Analysis of CDR3 size distribution

Analysis of CDR3 size distribution was performed as described.9 To assess each individual profile as normal or skewed, we used a previously reported complexity scoring system.10,11 The number of TCRV{beta} subfamilies with skewed CDR3 size pattern, as shown by a complex score lower than 4, was determined for each subject.12 Analysis of differences among data groups was performed using the Student t test for unpaired samples. Values of P less than .05 were considered significant.

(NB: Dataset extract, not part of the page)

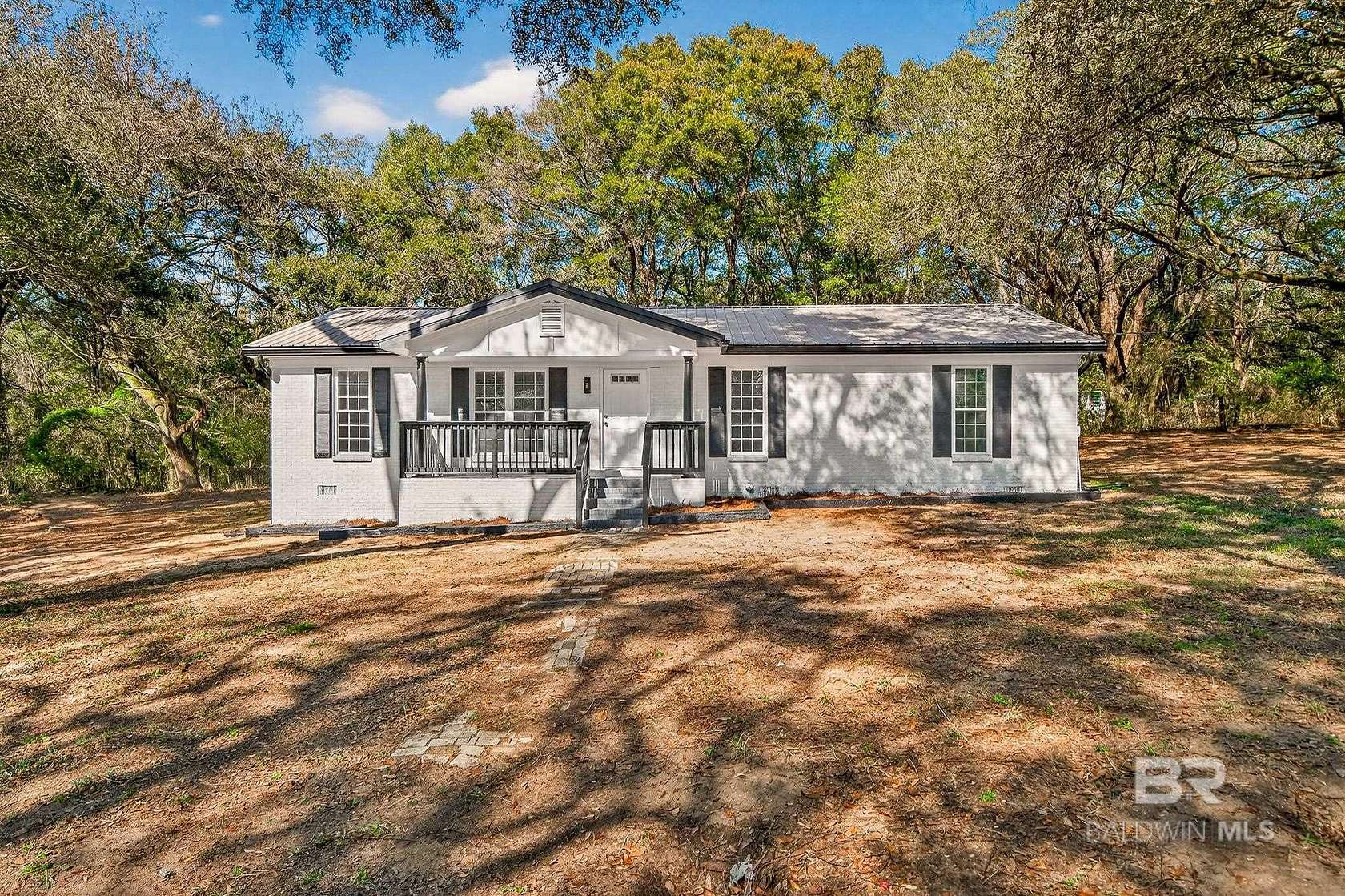 3.5 Acres of Residential Land with Home for Sale in Grand Bay, Alabama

    Results and discussion
 Top
 Abstract
 Introduction
 Study design
 Results and discussion
 References
 
WASP deficiency results in significant abnormalities of T-lymphocyte numbers and function. In patients with WAS, TCR stimulation with anti-CD3 antibodies results in defective cell proliferation, interleukin-2 production, up-regulation of CD69, actin polymerization, CD3 internalization, and lipid raft clustering.9,13-16 Similar T-cell defects are found in WASP knockout mice that also show defective antigen receptor capping and endocytosis after TCR stimulation.17,18 These defects have been attributed to the role of WASP in actin cytoskeleton remodeling after cell activation. However, the role of WASP in the T-cell lymphopenia characteristic of the disease remains unclear. In WASP knockout mice, Snapper et al17 reported normal thymic subsets despite diminished organ cellularity, whereas Zhang et al18 showed a block of progression of thymocytes from the double-negative (CD4-CD8-) to double-positive (CD4+CD8+) stage. Recent observations of low T-cell numbers in patients with WAS since infancy have been interpreted to support a role for WASP in lymphocyte maturation.6 On the other hand, evidence of enhanced spontaneous apoptosis in WAS lymphocytes has also been proposed as a possible mechanism for the pathogenesis of lymphopenia.19,20 To contribute to the characterization of the T-lymphocyte compartment in patients with WAS, we investigated the diversity of 24 TCRV{beta} subfamilies by CDR3 size distribution analysis.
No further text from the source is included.